Avrupa İnsan Hakları Mahkemesi gibi demokratik bir kurumun etki alanından çıkıp,  demokrasinin yerlerde serildiği  İran, Rusya, Çin gibi geleceğin en sorunlu bölgelerinin yükünü sırtlamaya hangi ideolojik saplantının neden olduğunu anlamak oldukça güçtür.

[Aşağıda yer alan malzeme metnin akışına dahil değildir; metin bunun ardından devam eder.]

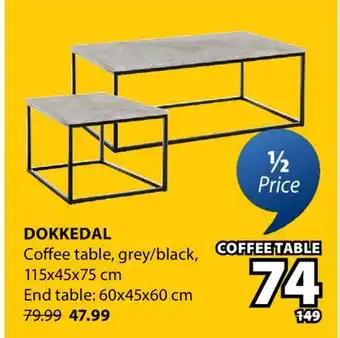 JYSK Dokkedal Coffee table offer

Türkiye’yi AB sürecinden kopma noktasına getiren AKP iktidarı suçu AB’ye atmadan önce,  demokratikleşmeyi  neden yeterince geliştiremediğini kendisine sormalıdır. 15 Temmuz gibi bir darbe girişimine maruz kalan Türkiye’nin toplumsal ve siyasal yapısının ne kadar istikrarsızlıklarla dolu olduğunu  gören AB,  bu konudaki kaygılarını saklı tutmasında ne kadar haklı olduğunu göstermiş oluyor. Demokratik bir devlettin olmazsa olmazı olan kuvvetler ayrımı yerlerde sürünüyorken, AB hangi nedenlerle Türkiye’ye olumlu yaklaşacak. Eğer 17-25 Aralık operasyonları olmasaydı Ergenekon, Balyoz operasyonlarının kumpas ayağı hiçbir zaman söylenmeyecek ve mahkeme süreci devam etmiş olacaktı. Dolaysıyla ortada hukukun bir zaferi yoktur. Ve AB açısından Türkiye’nin hukuk sistemi baştan aşağıya sorunludur.  Öte yandan, Avrupa’da yarım asrı geçen Türk toplumsal varlığının hâlâ entegrasyon sorunu yaşadığı da bir gerçeklik olarak ilgili bütün devletlerin önünde durmaktdır. Kiliselerde papazların kullandığı barış dilini camilerde imamlar, müezzinler  kullanamıyorlar. Özellikte Suudi Arabistan bütçesinden beslenen selefist ve entegrist imamların vaazları kamuoyunda infial yaratacak düzeydedir. Bu, müslüman Türkiyelileri de etkilemektedir.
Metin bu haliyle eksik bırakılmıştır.